I read somewhere once that stories that were favorites when we were children usually tell something about us (Mine was Ferdinand the Bull). The same is likely true of our childhood heroes.

Like the song says, many of my boyhood heroes were cowboys. Hopalong Cassidy. The Lone Ranger. Shane. But one was a baseball player.

Jimmy Piersall was an average ball player whose career included tenures with the Boston Redsox, Cleveland Indians, and New York Mets. He achieved much attention for his antics. Sitting in the shade of a centerfield flag pole during a pitching change. Decking two fans who tried to assault him on field. Running the bases backwards after hitting his 100th homerun.

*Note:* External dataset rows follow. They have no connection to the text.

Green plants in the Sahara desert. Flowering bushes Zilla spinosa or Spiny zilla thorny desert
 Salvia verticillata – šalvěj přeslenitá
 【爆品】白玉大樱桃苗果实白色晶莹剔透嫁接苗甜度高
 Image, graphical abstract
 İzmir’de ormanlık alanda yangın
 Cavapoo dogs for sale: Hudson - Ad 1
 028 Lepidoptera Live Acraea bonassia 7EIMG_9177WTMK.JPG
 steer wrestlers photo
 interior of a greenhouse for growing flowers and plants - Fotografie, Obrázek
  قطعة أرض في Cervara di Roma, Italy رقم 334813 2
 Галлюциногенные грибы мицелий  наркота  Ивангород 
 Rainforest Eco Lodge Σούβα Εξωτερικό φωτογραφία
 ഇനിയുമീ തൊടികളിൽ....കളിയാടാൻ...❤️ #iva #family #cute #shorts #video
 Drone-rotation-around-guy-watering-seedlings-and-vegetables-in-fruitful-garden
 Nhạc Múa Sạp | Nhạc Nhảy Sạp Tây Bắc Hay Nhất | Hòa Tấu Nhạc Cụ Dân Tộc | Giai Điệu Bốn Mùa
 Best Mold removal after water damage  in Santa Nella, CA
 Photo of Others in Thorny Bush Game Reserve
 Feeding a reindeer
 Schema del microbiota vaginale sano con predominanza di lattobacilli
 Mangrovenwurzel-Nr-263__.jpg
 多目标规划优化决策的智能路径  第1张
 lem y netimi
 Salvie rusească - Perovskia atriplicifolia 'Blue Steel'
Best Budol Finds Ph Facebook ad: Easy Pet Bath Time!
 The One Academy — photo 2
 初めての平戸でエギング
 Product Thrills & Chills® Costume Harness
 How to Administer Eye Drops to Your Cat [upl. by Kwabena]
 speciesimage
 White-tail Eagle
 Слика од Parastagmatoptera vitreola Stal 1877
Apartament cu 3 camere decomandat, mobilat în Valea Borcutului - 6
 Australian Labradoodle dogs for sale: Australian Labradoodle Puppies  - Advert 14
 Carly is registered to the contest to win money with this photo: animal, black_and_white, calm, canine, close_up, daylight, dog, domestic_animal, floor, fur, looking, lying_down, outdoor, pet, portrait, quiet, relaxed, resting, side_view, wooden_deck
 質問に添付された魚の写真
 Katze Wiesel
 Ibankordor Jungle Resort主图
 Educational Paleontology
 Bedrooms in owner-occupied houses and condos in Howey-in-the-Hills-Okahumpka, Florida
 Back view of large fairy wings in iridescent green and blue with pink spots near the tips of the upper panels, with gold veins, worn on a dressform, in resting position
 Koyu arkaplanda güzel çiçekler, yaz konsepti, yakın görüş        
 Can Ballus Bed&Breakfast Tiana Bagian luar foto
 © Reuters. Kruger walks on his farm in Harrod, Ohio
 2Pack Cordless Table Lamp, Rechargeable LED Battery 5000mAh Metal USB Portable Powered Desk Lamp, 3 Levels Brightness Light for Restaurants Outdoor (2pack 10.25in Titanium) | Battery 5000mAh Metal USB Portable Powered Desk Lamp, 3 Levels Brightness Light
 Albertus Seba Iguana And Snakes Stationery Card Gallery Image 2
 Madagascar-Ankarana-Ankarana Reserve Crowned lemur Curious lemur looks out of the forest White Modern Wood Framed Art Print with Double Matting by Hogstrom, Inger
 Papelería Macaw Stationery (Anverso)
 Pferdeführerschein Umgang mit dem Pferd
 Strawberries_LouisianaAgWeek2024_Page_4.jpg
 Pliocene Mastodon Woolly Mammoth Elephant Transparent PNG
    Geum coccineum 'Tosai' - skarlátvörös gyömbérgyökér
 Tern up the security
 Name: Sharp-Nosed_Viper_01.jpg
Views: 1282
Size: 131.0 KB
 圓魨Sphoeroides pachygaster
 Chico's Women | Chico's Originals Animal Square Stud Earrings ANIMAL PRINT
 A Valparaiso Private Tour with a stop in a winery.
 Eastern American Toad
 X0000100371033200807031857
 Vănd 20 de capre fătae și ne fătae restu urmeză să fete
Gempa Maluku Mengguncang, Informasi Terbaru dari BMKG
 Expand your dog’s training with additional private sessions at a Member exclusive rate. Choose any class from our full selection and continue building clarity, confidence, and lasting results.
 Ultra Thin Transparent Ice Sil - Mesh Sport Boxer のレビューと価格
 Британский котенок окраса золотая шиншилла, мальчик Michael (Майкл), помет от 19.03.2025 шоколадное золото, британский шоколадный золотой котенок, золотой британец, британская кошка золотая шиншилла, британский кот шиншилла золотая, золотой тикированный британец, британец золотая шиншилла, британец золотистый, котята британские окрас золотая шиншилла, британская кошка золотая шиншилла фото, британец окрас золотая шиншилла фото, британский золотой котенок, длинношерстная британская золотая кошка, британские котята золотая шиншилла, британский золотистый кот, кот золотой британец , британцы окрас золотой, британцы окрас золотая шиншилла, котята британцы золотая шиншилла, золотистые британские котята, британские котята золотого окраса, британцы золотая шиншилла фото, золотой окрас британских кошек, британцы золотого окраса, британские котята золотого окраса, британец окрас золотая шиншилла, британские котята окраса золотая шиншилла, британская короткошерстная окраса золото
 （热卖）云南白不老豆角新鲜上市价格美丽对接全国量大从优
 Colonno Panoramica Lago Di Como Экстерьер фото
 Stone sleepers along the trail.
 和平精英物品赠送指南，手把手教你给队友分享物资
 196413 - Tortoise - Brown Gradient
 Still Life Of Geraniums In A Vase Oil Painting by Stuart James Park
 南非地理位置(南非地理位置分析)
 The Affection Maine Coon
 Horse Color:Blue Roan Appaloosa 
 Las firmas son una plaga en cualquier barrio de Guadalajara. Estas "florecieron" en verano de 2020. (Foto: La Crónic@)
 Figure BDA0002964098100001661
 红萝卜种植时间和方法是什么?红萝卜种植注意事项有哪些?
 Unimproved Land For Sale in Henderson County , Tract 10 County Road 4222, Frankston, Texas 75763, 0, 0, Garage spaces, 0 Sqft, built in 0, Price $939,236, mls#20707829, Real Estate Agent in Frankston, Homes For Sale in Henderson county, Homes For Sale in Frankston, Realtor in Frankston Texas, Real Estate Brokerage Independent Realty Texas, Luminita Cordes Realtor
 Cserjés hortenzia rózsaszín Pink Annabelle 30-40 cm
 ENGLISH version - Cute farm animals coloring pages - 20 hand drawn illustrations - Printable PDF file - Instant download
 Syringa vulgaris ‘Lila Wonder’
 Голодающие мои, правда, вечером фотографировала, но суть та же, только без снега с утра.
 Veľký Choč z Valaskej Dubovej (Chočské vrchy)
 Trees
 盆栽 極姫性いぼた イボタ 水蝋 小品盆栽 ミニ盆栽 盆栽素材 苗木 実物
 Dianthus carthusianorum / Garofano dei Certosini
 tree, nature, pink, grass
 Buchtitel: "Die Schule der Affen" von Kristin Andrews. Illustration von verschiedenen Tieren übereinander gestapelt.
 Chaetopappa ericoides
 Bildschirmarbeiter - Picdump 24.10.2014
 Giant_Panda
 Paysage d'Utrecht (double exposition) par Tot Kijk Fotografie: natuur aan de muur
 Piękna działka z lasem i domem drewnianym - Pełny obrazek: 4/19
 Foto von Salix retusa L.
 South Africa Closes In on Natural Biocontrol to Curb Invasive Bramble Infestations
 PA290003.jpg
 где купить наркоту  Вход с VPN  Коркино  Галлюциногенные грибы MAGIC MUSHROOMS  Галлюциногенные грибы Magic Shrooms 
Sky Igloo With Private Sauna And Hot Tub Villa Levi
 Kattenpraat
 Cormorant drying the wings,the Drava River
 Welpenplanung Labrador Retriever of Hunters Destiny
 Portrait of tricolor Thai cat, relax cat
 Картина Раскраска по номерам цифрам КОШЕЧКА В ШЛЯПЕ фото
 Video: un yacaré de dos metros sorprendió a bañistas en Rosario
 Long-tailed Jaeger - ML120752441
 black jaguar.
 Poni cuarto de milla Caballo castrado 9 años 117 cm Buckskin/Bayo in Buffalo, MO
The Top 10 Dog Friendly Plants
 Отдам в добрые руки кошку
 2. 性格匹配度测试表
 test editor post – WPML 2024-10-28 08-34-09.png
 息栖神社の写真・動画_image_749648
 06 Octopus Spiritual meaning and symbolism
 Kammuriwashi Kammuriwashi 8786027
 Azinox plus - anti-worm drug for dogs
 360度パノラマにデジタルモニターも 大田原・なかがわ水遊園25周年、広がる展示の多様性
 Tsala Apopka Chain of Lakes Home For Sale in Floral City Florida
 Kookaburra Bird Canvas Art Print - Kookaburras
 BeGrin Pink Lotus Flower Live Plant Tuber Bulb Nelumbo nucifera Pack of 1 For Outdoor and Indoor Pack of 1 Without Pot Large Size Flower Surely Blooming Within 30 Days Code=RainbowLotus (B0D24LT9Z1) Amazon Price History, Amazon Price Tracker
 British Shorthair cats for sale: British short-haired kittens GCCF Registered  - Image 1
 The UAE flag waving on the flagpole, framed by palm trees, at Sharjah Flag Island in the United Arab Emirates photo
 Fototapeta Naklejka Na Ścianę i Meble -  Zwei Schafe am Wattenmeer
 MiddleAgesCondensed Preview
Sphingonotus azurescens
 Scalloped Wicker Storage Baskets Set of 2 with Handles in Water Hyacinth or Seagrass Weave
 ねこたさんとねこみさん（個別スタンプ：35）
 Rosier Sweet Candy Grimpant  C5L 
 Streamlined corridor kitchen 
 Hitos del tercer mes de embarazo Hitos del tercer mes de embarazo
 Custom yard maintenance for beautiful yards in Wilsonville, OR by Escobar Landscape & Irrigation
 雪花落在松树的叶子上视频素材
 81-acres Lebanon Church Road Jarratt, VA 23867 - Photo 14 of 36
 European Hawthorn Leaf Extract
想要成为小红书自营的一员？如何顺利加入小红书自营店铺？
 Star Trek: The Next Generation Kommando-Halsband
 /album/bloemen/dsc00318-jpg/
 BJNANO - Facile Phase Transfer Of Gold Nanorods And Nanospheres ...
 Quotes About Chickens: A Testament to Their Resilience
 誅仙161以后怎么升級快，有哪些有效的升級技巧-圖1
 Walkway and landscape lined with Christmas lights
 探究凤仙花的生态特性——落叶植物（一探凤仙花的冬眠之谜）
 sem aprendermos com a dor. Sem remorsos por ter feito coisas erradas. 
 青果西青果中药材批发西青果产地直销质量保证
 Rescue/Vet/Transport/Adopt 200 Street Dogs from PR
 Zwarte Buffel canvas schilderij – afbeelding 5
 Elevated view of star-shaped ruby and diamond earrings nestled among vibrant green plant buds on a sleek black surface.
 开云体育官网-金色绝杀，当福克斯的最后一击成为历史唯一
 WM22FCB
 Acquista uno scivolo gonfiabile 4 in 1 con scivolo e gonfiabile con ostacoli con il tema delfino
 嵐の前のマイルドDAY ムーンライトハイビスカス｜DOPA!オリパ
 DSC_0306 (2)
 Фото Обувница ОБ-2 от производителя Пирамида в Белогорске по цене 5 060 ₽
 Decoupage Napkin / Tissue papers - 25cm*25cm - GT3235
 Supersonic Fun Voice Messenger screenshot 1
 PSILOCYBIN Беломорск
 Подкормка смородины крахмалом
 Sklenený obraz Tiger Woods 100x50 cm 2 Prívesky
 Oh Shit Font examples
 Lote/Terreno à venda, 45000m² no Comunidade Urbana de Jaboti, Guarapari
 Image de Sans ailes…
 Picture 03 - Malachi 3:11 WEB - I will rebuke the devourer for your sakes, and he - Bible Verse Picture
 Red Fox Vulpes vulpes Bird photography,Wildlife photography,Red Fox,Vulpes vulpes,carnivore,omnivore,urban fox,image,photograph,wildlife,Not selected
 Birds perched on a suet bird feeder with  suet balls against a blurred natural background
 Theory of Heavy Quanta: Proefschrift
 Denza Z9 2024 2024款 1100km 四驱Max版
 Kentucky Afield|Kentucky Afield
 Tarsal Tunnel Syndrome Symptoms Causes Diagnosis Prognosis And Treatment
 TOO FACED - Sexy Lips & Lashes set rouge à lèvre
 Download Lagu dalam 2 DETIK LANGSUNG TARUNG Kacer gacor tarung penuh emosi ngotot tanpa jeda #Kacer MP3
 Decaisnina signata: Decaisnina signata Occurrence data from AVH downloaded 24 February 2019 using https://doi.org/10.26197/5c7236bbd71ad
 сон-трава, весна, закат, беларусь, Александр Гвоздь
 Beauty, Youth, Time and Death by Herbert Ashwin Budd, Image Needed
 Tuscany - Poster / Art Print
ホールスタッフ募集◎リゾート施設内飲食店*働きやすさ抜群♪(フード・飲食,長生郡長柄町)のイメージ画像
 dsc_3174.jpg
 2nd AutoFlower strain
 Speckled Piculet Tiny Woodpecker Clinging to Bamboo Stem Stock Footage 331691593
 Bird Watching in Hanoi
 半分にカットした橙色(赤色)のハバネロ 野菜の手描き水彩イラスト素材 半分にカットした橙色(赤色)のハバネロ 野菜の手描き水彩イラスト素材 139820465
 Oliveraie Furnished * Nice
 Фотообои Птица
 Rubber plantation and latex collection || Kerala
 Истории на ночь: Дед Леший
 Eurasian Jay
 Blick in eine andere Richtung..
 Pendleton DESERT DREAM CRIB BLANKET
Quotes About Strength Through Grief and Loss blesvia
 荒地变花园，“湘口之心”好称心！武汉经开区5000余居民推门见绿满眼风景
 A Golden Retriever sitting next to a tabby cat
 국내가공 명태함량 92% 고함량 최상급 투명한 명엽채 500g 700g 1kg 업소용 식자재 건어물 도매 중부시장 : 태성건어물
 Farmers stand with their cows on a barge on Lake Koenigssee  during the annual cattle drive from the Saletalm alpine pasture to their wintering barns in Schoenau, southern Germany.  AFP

He was also known for having had a very public mental breakdown while with the Redsox. Nowadays he likely would be diagnosed to be suffering from Bipolar Disorder. So I suppose it tells something about me that one of my boyhood heroes was a broken rebel.

One day my Dad asked me if I’d ever heard of Jimmy Pearsall. I had, having read his book Fear Strikes Out and also being an avid baseball card collector. My Dad then indicated that he and my Mom would be attending a wedding at which Jimmy would be present and did I have anything for him to sign. I immediately produced my copy of the card pictured above. After the wedding, my Dad returned the card, now signed by Jimmy in addition to another publicity card also signed by Jimmy on which he referred to himself as “Your pal”. What a thrill for a ten-year-old boy! The fact that he was a rebel with problems was completely overshadowed by his very gracious gesture to me. It was a lesson I never forgot. The fact that a person has a label and that he/she might be unconventional need not take away from their humanity. That baseball card (which I still have) is a gentle reminder to me to never let labels or nonconformity blind me.

Jimmy is still alive and still outspoken.

Reflection: Did you have any childhood heroes/heroines? What might they say about you?